The ministry’s Department of Conscription Administration said that for men born between 1994 and 2004, the service period was reduced to four months, with an exemption rate of 20–25%. After the term was restored to one year in 2023, the 2024 exemption rate was 16%, or about 17,000 men.
Among the top five reasons for exemption in 2024, being overweight accounted for about 30%. This was followed by below-average intelligence scores, autism, flat feet, and arrhythmia.
From January to August this year, the exemption rate has remained around 16%, with the top five reasons being overweight, flat feet, arrhythmia, low intelligence scores, and mental health conditions.

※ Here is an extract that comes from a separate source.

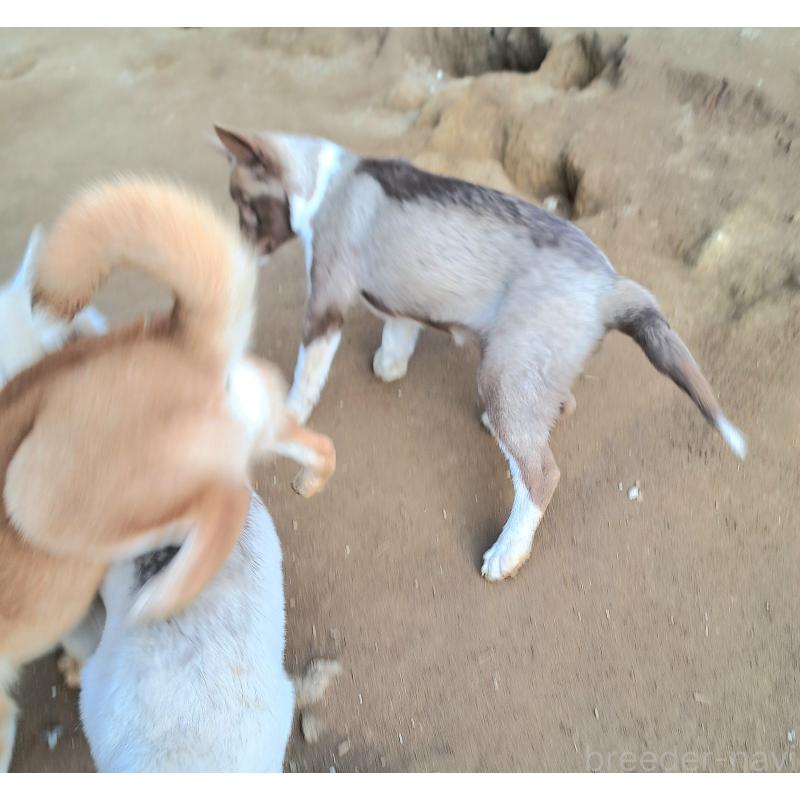 販売中の千葉県のミックス犬-431130の7枚目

Over the past decade, the most common violation of the Act of Military Service for Officers and Non-commissioned Officers of the Armed Forces was leaving the country without permission or failing to return after an approved departure, with 2,146 prosecutions.
The second most frequent offense was failing to report for physical examination or self-inflicted injury to alter one’s fitness classification, with 572 cases, 193 of which occurred in New Taipei City.
Between 2015 and 2024, there were 125 finalized court rulings on the issue. Of these, 94 resulted in prison sentences of six months or less, and one received a sentence of up to two years.
There were also 19 cases dismissed, seven fined, two rejected, one acquitted, and one exempted from sentencing.